The novel is often considered a satire of former Secretary of State Henry Kissinger, and the book suggests he forsook his Jewish identity in favor of politics and corruption, and with Gold's motive for entering politics being self-aggrandizing, as he seeks financial, sexual, and social rewards. The narrative alters between scenes of Gold's large, garrulous Jewish family and the mostly gentle milieu of Washington, employing realism to depict the former and parody to portray the latter.
Novels
Joseph Heller's other writings have included the screenplay for Sex and the Single Girl by Helen Gurley Brown, Casino Royale in 1967, and Dirty Dingus Magee from 1970. His plays included We Bombed in New Haven in 1969 and based on the Vietnam War, Catch-22 in 1973, and Clevinger's Trial in 1973. During much of his life, Joseph Heller wrote short stories, which went largely uncollected until after the author's death, in which a posthumous collection, Catch as Catch Can: The Collected Stories and Other Writings, was published in 2003. And in his later life, the author wrote an autobiography, No Laughing Matter, in 1986 and a memoir Now and Then: From Coney Island to Here, in 1998, which detailed some of the events of his life and how they inspired his later works.
Other writings
Starting in 1981, Joseph Heller was diagnosed with Guillain-Barre syndrome, a rare type of polyneuritis that afflicts the peripheral nervous system. During this time, Heller was enjoying increasing literary success, but he was also experiencing difficulties in his personal life, as his wife Shirley Held and he separated in 1981, before officially divorcing in 1984.

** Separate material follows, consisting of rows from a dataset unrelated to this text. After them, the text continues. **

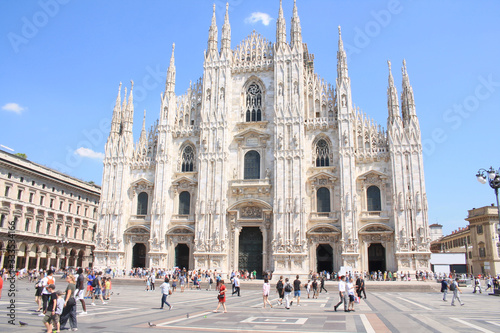 The amazing Milan Cathedral, Duomo di Milano, the largest Gothic cathedral in the world and Vittorio Emanuele gallery in Square Piazza Duomo, Italy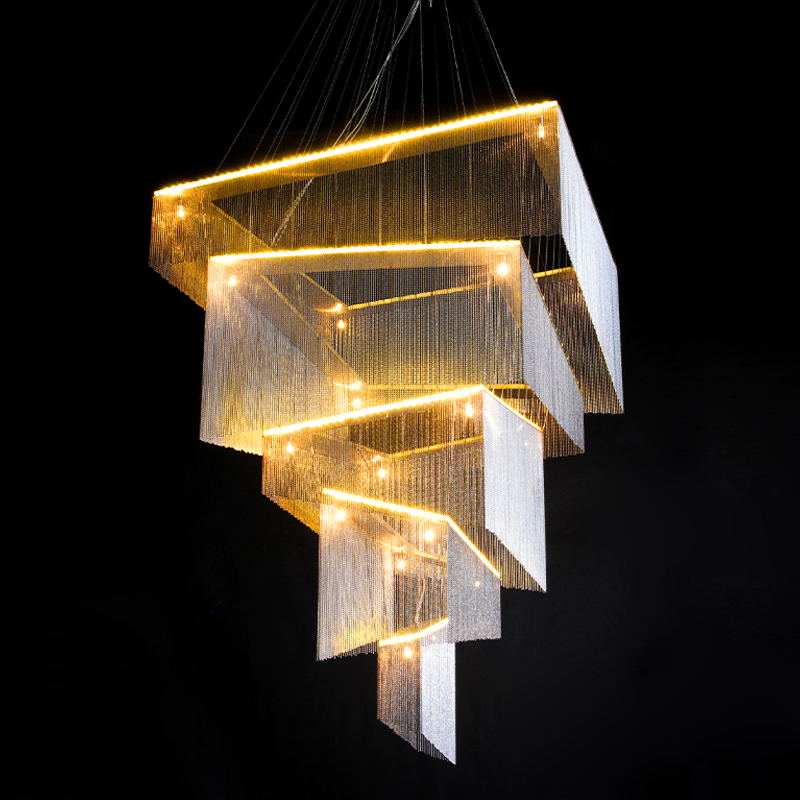 Люстра Золотые цепочки Willowlamp Geometric Storm Gold Золотой в Санкт-петербурге | Loft Concept 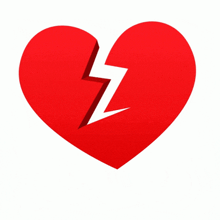 a broken red heart with a lightning bolt in the middle
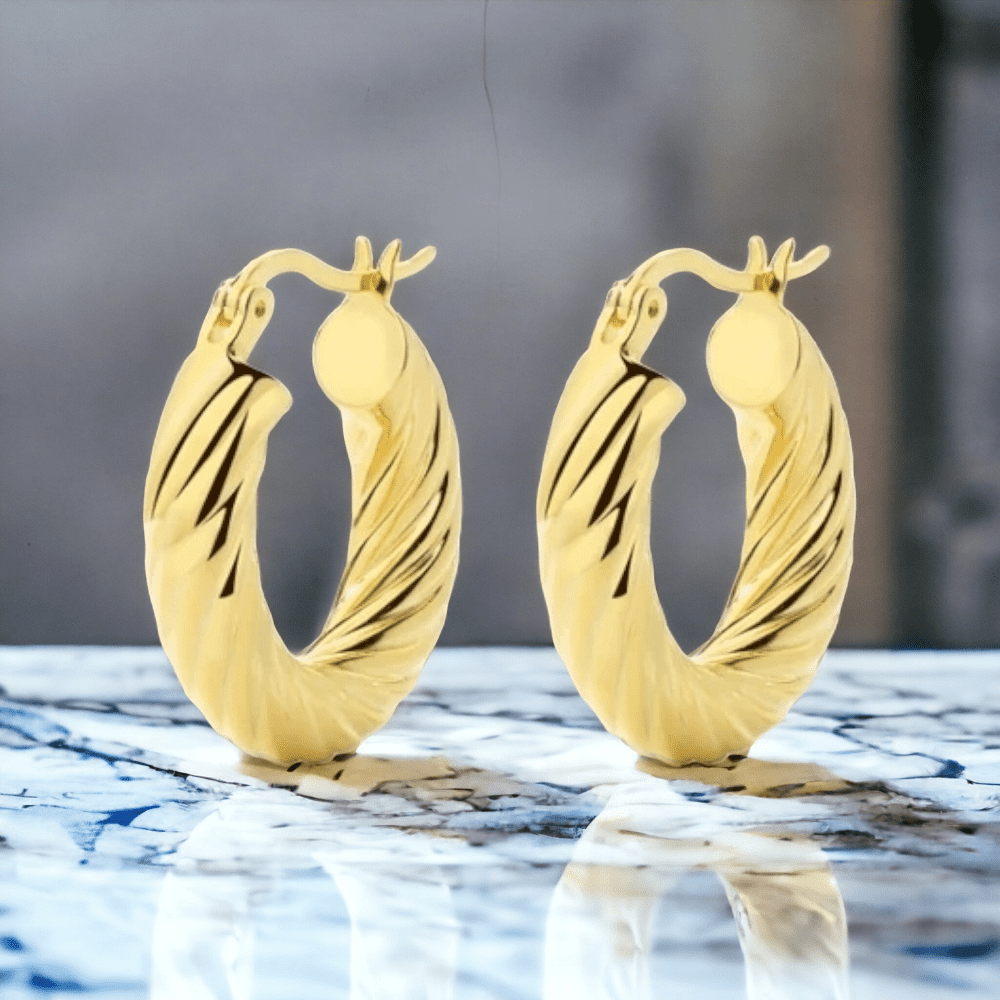 Argolla gruesa 25mm, bañada en oro 18K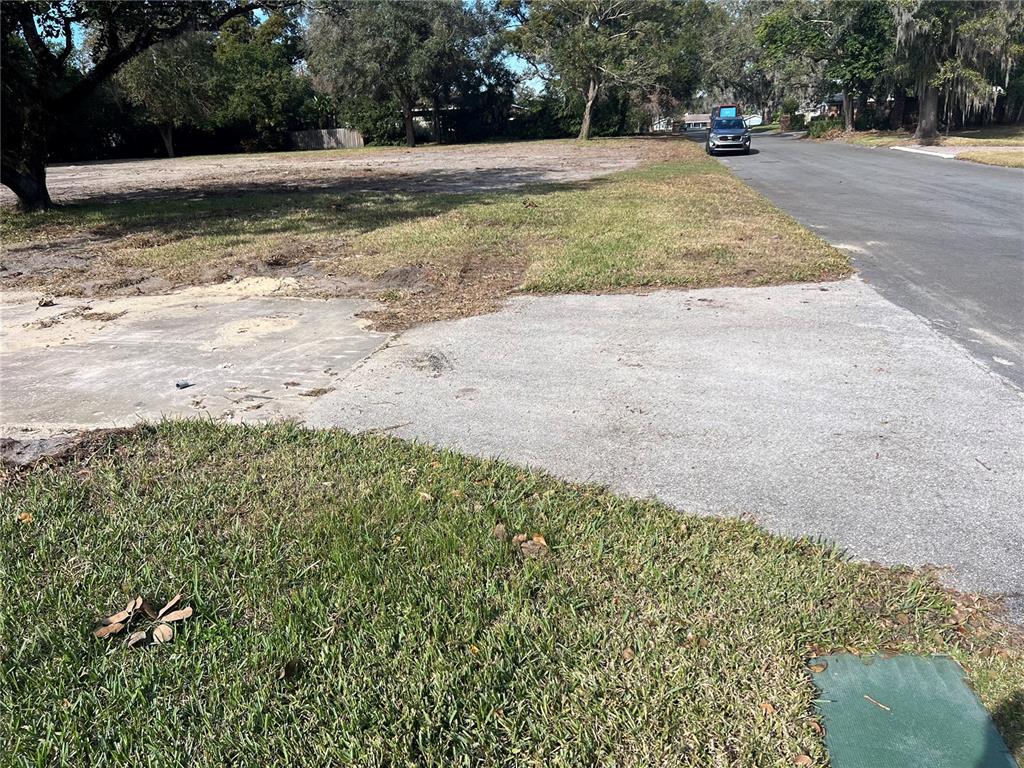 A vacant residential lot features a concrete driveway apron and mature trees along the street — 4249 FOREST HILLS DRIVE, LAKELAND, FL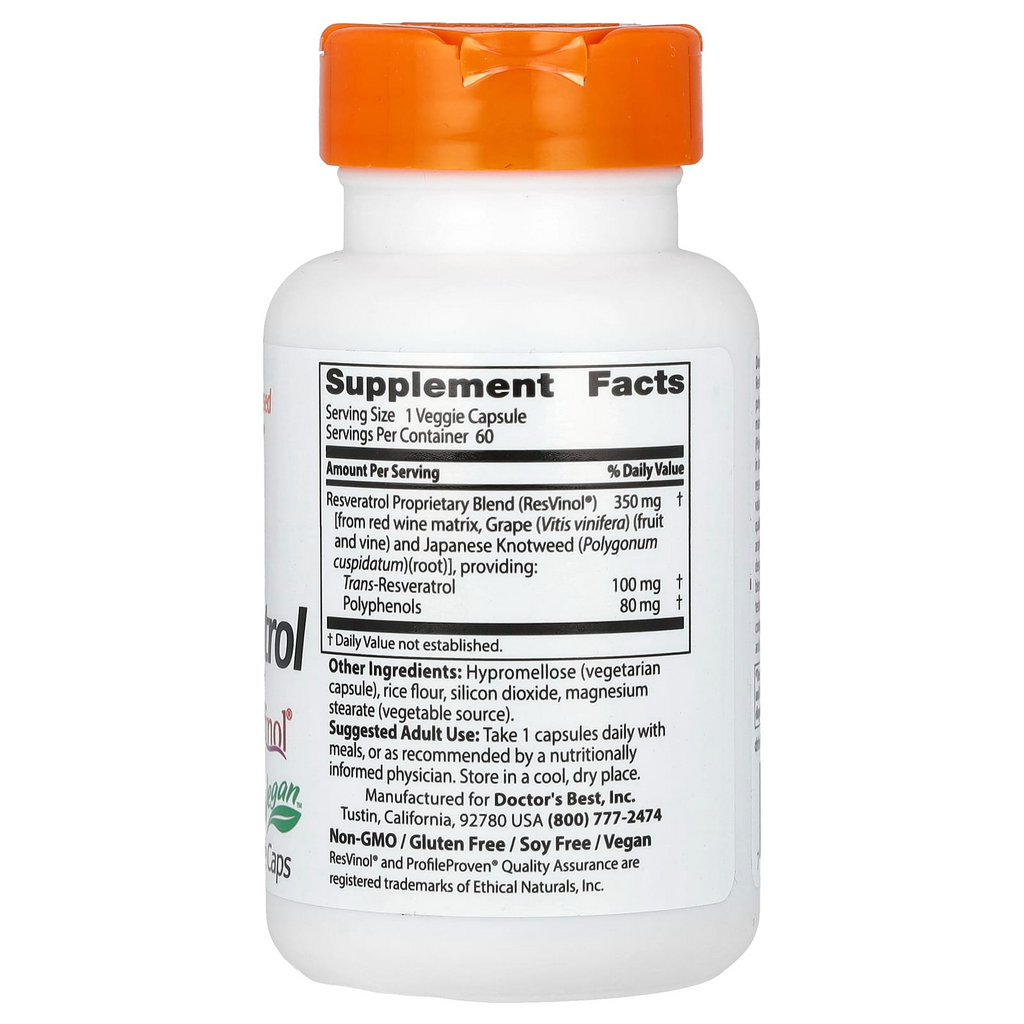 Doctor's Best Trans-Resveratrol 100, 60 Veggie Caps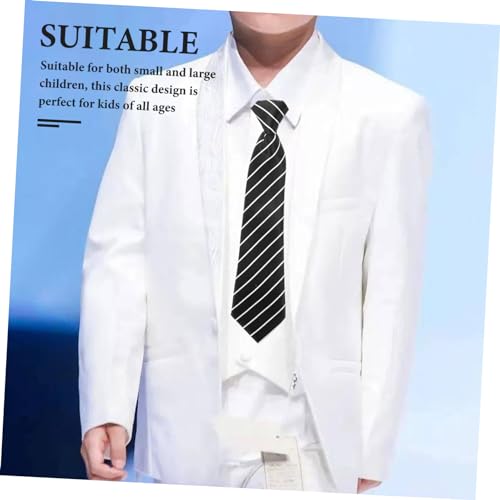 FRCOLOR Boys Necktie Tie for Classic Design for Weddings Uniforms Stretchable Fit for All Ages Costume Accessory for Parties Performances3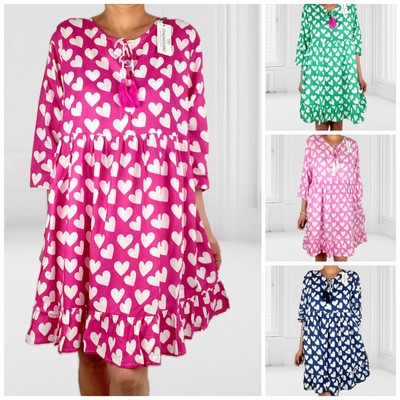 ZWILLINGSHERZ Sommerkleid Kleid Herzen Tunikakleid Stufenkleid S/M + L/XL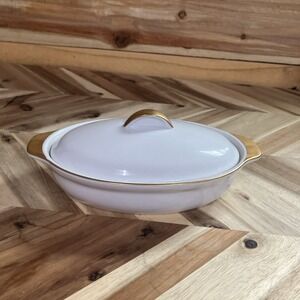 Elegant White and Gold Serveware Dish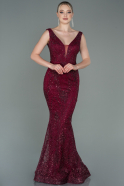 Long Burgundy Mermaid Prom Dress ABU3178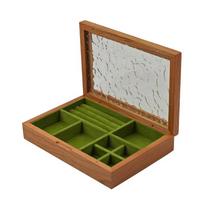 Elegant  Sturdy Wood Jewelry Storage Box with Soft Interior and Compartments Accessory for Home Organized Decoration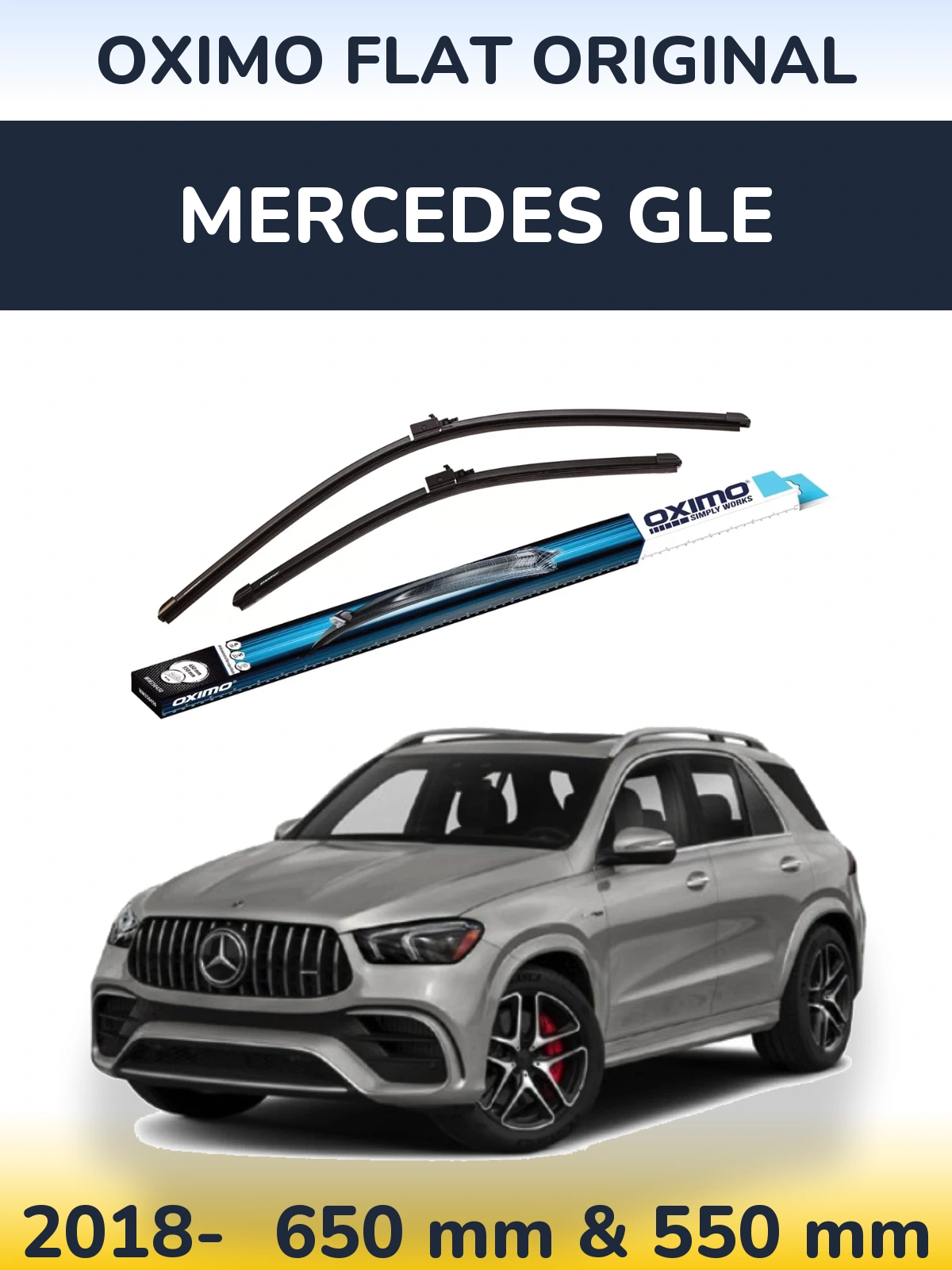 Front wiper blade set Oximo Flat Original 650 & 550 mm for Mercedes GLE 2018-2026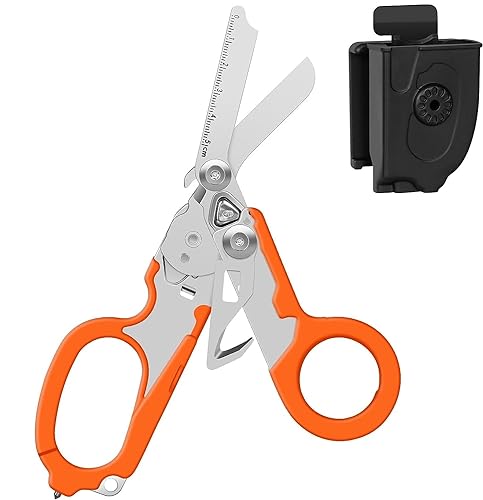 Raptor Erste-Hilfe-Schere, All-in-One taktische Schere, Taschenschere & Feuerwehr-Werkzeug-Set, Glasbrecher in Tuff-Cut-Schere mit Utility Holster (Orange) von IMKRC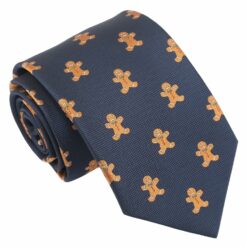 Navy Blue Gingerbread Man Tie
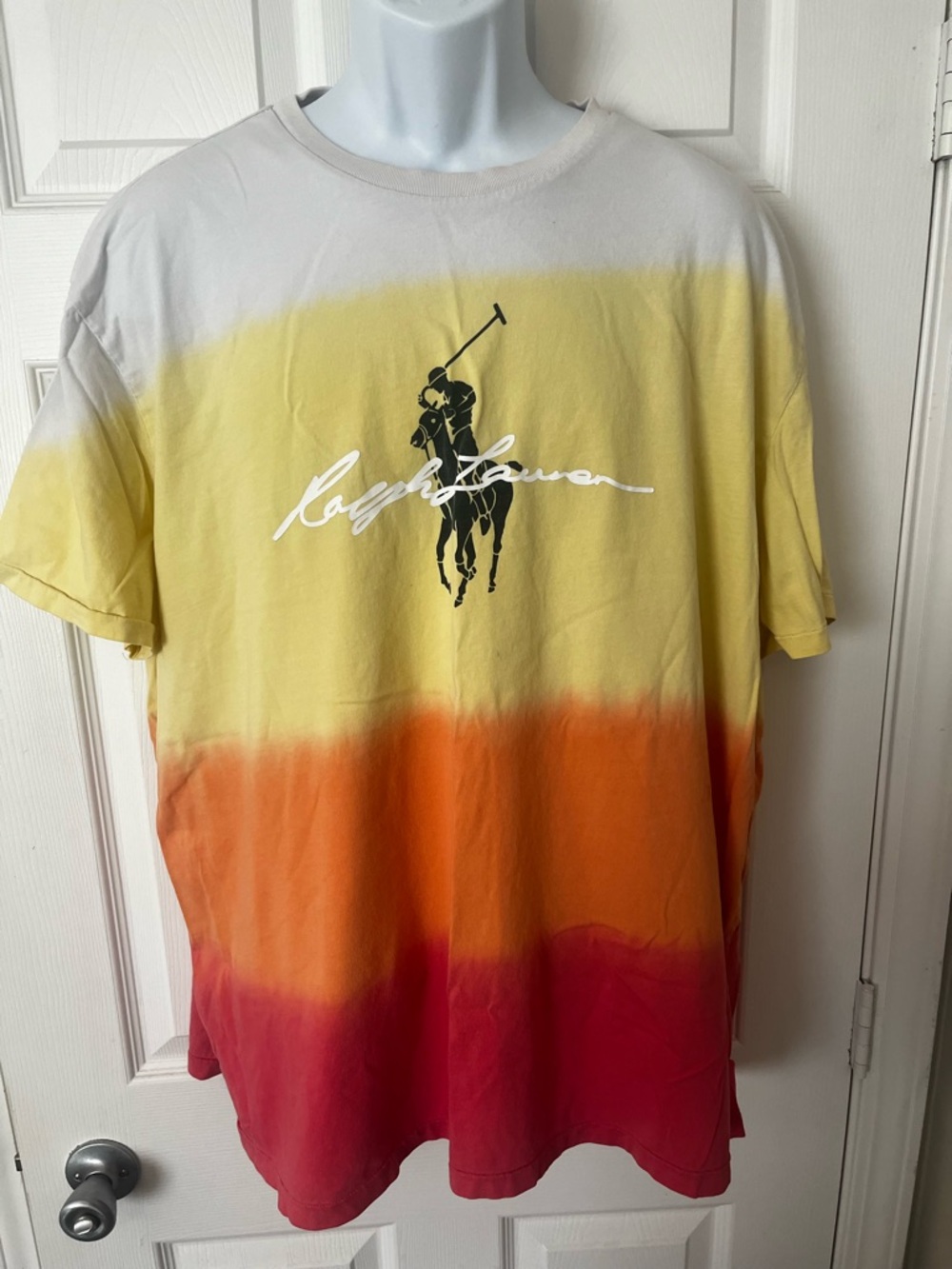*House of Ralph Week* Ralph Lauren XXL Polo Player T-shirt Red/Orange/Yellow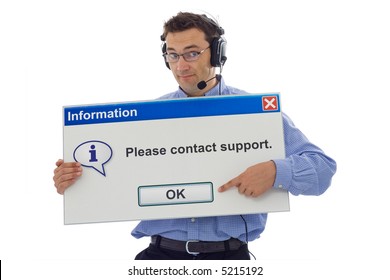 Friendly IT Support Staff Member With Computer Message Box Pointing The Customer In The Right Direction - Isolated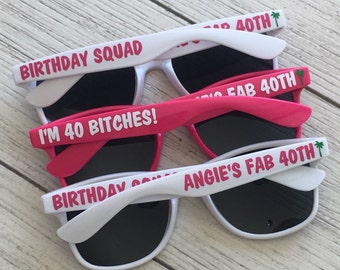 Personalized Sunglasses - Dirty Thirty - 30th Birthday - 40th Birthday -  Birthday Sunglasses, Custom Sunglasses, Birthday Favors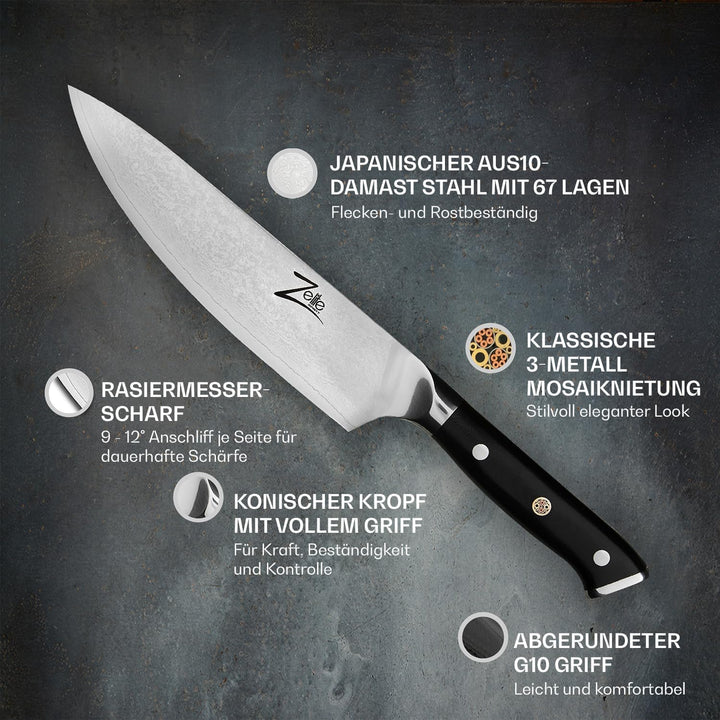 Zelite® Damastmesser, Scharfes Küchenmesser 20,3 cm, Japanisches Messer für Zuhause und Gastro, Prof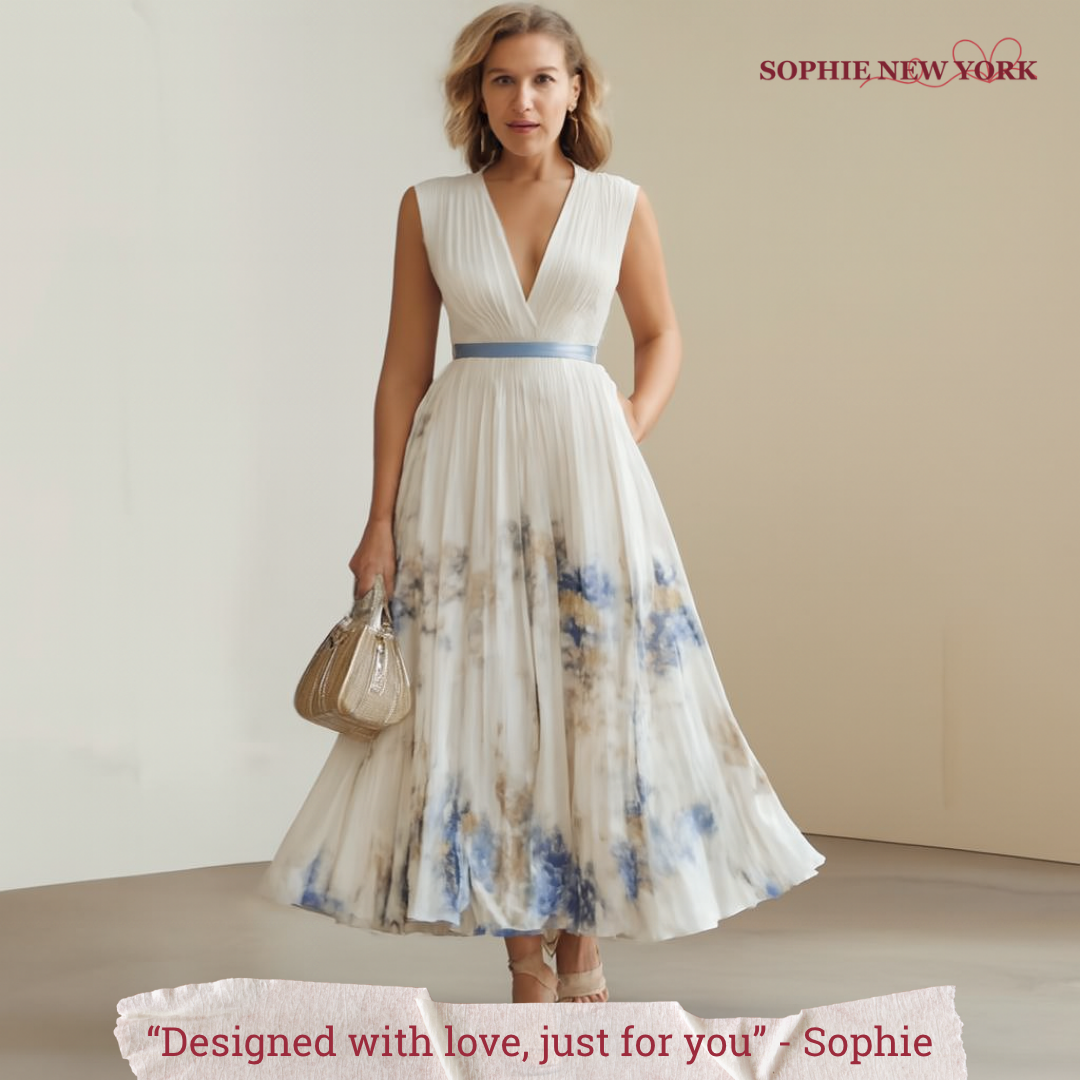 Elara's Poised Grace | Pleated V-Neck Midi Dress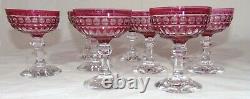 9 Antique Bohemian Cranberry Cut to Clear Crystal Stemware Glasses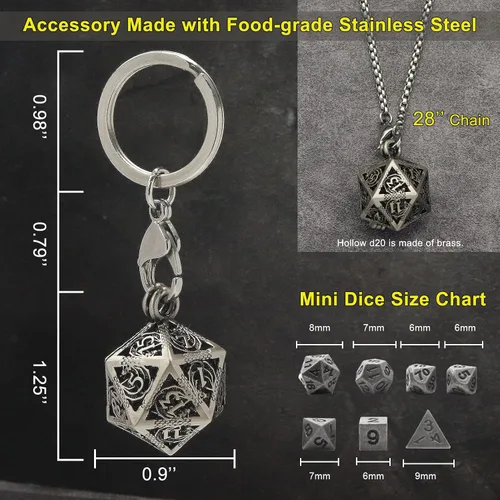 Vista 5 de Haxtec Mini Juego de Dados de Metal D&D con Estuche de Collar Hueco - Llavero Portátil de 7 Piezas Plata antigua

Around this same time, Heller dealt with a significant episode with Guillain-Barre syndrome, spending months in near paralysis. Heller recovered, with help from his friend Speed Vogel, who also helped him write a chronicle of his medical difficulties, No Laughing Matter, published in 1986. During his battle with the syndrome, Heller also met a nurse who was tending to him at this time, Valerie Humphries, who he would go on to marry. After surviving and recovering from Guillain-Barre syndrome, which is often fatal, Joseph Heller would die of a heart attack on December 12, 1999, at his East Hampton, New York home.